Legislators also asked explicitly why Louisiana could not build the bridge in a more traditional way. If the state used a more traditional delivery method (such as a design-bid-build, with the state’s transportation department responsible for all aspects of the project), there would be no assurance of on-time delivery or budget adherence.

For example, when the LA DOTD tried to repair the Hale Boggs Memorial Bridge through traditional means, the project suffered from delays and cost overruns. The cable replacement for the bridge took two years longer than anticipated, and the price—paid by taxpayers—rose from $30 million to $50 million.

While a public-private partnership does not eliminate all risks, one key P3 advantage is transferring risk from taxpayers to the private firm. In this case, the private concessionaire, Calcasieu Bridge Partners, would be responsible for covering any cost overruns in the project costs. In a P3, if costs surpass projections, the private firm bears the responsibility instead of Louisiana taxpayers. This protection is critical, especially given a 2003 Danish study that found that 90% of 258 examined transportation megaprojects faced cost overruns.

Additionally, if the company breaches its contract in some way, for example, by failing to keep the bridge open, it would be transferred back to the issuing authority—the Louisiana DOTD. Then, the state could decide whether to contract out to a different firm in a new P3 or retain stewardship for itself.

Following questions from the legislature at an August 2023 hearing, the floor opened to public testimony about the project. One of the speakers lamented the use of P3s for this project, citing the alleged tendency for bankruptcies of P3s concessionaires and concerns over what would happen to the bridge in such a situation. 

As my Reason Foundation colleague Bob Poole wrote in Oct. 2019, when the original company contracted for the Indiana Toll Road P3 went bankrupt, taxpayers did not have to pay one additional dime for the project. Likewise, in the case of a default, tolls were not raised to compensate for P3 toll road bankruptcies in two cases in Texas and San Diego. 

Another concern repeatedly raised by Louisiana Motor Trucking Association members was that a toll would constitute a double tax. But that’s a moot point; federal and state grants contribute only 38% (or $800 million) to this project. In effect, the bridge is funded by gas tax revenue and tolls. The bridge couldn’t be fully funded using existing tax revenue alone. 

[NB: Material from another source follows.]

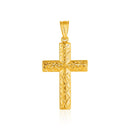 14k Yellow Gold Reversible Textured Cross Pendant-4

Still, the LA Department of Transportation heard these concerns and proposed a piece of sample legislation to ensure the toll isn’t onerous for trucking companies based in the local area. The sample bill says the owner of a commercial vehicle registered in Louisiana paying over $3,000 a year in toll costs, which was used as an example number and is subject to change, would be given a dollar-for-dollar business expense deduction for federal and state taxes. The proposal shows the LA DOTD wants to ensure it does not burden local trucking companies. 

Overall, the proposed public-private partnership to replace the Calcasieu Bridge demonstrates a responsible and fiscally sound approach to addressing critical infrastructure needs in the state. The Louisiana transportation department has drawn on best practices from around the country in both the longevity of the contract and practices during the procurement phase to ensure competition between interested firms. Likewise, the LA DOTD is wisely choosing to lean on private sector expertise and financing to get the money the state needs for the bridge now rather than in the next decade while safeguarding the interests of Louisiana taxpayers.

*Correction: The date of the Aug. 22 hearing was originally reported as Aug. 25.